# Network encryption or something like that...



## juve_inferno (Jul 3, 2009)

Maybe this question is stupid but i have to post... I am completely new in Free BSD world but every day when i use Free BSD i realise that i have some questions about network that i didn't think about before. One of them is encryption... How is secure of data which sent to the global network using some of the many "chat" ways (MSN, Facebook, Gmail) or password... I have pf but is there a possibility to put that network connections to tunnel and encrypt it? How to do that or some instructions... Thanks


----------



## DutchDaemon (Jul 3, 2009)

Encryption to websites is only possible when those websites support SSL (https). I'm sure Gmail does, not sure about Facebook (but that's been a privacy nightmare since it started anyway). And I think MSN has some setting for encrypting a chat session when both sides support it. In case of POP3 or IMAP, there are SSL variants called POP3S and IMAPS. Again: it depends on the server you're connecting to whether it supports SSL for POP3/IMAP.

Otherwise there's no way to 'just encrypt or tunnel' traffic in general.

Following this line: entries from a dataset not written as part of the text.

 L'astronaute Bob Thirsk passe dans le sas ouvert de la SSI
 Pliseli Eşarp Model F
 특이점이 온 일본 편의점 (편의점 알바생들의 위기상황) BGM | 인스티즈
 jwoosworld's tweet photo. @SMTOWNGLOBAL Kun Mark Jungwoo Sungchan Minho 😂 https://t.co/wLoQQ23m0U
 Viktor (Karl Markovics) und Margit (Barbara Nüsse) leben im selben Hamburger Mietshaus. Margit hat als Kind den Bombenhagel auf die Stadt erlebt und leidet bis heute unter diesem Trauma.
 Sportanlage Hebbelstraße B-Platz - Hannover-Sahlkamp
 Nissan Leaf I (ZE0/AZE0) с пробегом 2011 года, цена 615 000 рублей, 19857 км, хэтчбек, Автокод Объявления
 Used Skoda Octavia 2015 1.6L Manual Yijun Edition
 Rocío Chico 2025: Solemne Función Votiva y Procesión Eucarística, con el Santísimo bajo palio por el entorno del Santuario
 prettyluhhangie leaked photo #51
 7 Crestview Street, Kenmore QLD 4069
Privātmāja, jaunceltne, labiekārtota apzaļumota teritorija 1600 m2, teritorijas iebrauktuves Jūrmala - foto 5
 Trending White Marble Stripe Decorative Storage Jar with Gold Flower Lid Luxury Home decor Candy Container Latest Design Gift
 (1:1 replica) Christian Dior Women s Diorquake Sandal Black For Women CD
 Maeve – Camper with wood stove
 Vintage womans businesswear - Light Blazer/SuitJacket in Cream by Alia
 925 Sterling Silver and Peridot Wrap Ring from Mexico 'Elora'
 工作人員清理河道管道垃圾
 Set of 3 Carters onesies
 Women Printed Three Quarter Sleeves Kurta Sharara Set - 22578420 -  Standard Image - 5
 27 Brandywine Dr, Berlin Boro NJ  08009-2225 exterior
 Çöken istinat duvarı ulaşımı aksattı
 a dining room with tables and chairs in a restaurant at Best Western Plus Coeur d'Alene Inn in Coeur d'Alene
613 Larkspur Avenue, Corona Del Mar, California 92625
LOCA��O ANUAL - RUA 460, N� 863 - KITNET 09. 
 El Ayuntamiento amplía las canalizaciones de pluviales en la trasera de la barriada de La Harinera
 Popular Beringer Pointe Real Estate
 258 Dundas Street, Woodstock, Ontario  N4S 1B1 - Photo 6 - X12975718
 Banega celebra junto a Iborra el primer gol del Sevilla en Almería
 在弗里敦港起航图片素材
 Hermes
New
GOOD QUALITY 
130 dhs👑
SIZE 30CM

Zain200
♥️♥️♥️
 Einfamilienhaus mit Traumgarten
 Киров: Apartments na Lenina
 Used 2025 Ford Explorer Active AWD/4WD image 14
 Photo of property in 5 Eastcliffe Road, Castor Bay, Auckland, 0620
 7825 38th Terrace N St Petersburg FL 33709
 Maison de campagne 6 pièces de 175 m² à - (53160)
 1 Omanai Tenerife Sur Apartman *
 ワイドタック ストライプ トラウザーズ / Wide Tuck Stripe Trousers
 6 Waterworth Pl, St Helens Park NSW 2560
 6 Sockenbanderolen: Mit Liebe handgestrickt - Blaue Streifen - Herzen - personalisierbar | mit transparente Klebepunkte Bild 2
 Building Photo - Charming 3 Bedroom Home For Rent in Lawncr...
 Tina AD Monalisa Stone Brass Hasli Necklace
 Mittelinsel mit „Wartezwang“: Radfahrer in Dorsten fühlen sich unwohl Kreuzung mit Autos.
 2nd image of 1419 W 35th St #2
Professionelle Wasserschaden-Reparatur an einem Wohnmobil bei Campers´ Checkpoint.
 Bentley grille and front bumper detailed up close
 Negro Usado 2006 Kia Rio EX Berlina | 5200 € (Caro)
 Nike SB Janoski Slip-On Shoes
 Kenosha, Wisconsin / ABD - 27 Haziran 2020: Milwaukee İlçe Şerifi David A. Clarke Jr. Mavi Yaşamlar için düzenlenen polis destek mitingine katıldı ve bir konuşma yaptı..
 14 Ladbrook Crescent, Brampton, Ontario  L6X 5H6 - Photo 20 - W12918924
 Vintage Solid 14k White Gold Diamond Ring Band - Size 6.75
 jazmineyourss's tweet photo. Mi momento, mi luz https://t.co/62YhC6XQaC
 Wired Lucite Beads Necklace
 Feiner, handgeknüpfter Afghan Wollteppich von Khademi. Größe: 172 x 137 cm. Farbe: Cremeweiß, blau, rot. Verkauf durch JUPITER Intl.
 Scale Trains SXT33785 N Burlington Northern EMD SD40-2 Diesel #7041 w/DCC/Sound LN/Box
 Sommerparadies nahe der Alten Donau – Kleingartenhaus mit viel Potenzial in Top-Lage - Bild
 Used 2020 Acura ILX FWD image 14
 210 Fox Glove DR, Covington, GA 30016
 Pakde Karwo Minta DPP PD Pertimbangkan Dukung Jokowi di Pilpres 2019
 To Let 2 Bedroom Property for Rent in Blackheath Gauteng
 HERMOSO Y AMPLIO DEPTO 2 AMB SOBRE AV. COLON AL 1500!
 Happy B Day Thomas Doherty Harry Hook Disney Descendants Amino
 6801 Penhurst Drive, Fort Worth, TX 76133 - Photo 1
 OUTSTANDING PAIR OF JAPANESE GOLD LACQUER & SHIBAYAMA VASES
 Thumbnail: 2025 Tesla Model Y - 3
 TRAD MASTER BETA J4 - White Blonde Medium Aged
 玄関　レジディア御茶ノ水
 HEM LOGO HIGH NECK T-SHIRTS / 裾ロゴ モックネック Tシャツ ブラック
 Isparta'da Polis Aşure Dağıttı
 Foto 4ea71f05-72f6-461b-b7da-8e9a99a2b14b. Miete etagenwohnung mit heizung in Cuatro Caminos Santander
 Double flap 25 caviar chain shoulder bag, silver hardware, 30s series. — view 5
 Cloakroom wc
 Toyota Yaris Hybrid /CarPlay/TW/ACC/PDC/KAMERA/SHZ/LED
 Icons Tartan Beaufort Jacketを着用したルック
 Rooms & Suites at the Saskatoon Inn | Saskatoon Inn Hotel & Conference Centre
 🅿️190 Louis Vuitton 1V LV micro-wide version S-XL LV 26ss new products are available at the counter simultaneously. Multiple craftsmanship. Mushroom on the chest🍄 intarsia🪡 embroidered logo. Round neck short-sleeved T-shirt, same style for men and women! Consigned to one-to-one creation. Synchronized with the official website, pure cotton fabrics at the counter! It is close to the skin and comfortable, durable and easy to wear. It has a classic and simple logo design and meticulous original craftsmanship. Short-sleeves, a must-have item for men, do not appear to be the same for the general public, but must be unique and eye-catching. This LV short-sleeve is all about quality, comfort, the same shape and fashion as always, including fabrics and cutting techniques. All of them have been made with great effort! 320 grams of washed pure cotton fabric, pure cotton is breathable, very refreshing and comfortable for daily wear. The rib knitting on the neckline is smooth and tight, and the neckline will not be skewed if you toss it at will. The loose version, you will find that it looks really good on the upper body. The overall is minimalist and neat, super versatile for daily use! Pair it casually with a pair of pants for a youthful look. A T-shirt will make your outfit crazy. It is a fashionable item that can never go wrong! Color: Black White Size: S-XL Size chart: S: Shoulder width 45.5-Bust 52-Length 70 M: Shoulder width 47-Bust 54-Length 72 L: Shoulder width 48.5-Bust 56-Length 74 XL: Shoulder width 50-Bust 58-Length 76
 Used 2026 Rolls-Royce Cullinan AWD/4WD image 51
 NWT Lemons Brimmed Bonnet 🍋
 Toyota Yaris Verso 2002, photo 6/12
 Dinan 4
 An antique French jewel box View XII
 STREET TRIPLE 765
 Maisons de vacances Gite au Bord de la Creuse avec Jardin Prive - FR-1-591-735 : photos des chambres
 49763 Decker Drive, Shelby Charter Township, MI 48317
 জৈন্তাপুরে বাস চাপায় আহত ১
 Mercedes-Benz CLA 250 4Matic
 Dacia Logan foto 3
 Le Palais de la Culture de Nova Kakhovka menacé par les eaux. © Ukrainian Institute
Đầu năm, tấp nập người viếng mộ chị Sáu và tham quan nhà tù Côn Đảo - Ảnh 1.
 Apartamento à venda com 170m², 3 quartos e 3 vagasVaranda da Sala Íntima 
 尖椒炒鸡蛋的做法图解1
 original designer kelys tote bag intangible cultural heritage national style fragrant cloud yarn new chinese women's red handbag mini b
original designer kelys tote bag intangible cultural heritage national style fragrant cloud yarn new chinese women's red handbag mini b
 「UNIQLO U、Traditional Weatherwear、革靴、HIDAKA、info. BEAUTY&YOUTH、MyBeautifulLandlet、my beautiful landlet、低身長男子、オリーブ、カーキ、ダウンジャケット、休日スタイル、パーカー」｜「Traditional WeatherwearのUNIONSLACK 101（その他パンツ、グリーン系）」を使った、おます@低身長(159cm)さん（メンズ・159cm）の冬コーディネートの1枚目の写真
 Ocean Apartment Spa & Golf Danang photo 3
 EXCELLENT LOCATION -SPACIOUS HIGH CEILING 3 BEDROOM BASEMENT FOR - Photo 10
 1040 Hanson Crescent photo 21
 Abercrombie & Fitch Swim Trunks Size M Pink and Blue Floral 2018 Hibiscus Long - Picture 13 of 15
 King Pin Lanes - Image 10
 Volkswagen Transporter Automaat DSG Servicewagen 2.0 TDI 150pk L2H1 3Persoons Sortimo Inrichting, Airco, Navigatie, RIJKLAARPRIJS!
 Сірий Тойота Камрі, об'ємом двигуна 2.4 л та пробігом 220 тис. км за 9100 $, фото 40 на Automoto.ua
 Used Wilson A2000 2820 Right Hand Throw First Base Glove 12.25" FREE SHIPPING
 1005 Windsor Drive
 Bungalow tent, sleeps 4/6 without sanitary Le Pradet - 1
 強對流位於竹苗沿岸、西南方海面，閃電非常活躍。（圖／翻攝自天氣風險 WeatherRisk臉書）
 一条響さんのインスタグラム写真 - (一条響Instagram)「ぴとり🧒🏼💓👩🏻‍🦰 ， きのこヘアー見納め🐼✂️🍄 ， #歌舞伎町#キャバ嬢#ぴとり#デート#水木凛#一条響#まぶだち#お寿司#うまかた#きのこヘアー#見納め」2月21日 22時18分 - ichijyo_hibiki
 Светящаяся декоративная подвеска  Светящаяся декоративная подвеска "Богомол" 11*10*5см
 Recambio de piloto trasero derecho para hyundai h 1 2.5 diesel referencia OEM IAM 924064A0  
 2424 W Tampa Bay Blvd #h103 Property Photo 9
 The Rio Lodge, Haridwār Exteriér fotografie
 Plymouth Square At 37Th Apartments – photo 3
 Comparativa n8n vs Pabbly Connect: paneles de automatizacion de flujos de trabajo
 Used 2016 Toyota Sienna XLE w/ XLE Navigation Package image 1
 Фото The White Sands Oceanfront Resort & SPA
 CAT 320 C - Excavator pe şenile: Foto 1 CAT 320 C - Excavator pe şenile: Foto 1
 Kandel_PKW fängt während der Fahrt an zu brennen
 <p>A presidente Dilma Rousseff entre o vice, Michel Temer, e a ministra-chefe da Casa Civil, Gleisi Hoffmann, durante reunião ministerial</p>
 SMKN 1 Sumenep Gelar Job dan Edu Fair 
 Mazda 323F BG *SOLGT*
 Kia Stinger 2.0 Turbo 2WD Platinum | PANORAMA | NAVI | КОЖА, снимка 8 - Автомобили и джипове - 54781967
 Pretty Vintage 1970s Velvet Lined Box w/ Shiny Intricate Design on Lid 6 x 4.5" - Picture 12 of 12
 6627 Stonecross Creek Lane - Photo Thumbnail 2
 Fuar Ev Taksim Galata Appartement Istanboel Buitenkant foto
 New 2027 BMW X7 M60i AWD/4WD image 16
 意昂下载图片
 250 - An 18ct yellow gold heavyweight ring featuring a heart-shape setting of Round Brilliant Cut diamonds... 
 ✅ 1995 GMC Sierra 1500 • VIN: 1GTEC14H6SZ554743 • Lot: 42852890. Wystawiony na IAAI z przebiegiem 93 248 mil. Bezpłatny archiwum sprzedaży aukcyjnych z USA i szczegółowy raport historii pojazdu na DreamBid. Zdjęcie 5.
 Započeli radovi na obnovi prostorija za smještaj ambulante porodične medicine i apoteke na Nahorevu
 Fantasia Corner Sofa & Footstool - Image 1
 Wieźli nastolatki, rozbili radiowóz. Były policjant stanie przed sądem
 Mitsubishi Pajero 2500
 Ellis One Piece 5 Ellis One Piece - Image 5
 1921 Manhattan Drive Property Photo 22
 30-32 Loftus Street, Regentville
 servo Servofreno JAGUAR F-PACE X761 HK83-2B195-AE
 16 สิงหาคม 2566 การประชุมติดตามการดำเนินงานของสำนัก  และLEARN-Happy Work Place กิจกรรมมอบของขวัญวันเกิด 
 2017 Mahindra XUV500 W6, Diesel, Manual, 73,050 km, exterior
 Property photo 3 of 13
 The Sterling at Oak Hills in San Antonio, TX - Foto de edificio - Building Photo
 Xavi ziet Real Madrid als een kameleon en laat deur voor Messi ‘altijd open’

It takes two to tango, and not all sites dance.


----------



## vivek (Jul 4, 2009)

Not all 3rd party supports SSL / TLS. If possible avoid 3rd party site and use your own service such as email, chat and so on.


----------



## SaveTheRbtz (Jul 7, 2009)

1) Use ssh tunneling
2) Setup MPD/OpenVPN server on some dedicated server.
3) Use IPSec (maybe within IPv6 specs, but even less sites support ipv6)

Using tor / i2p is only safe within .onion/.i2p domains, otherwise it's even less secure than sniffed connection


----------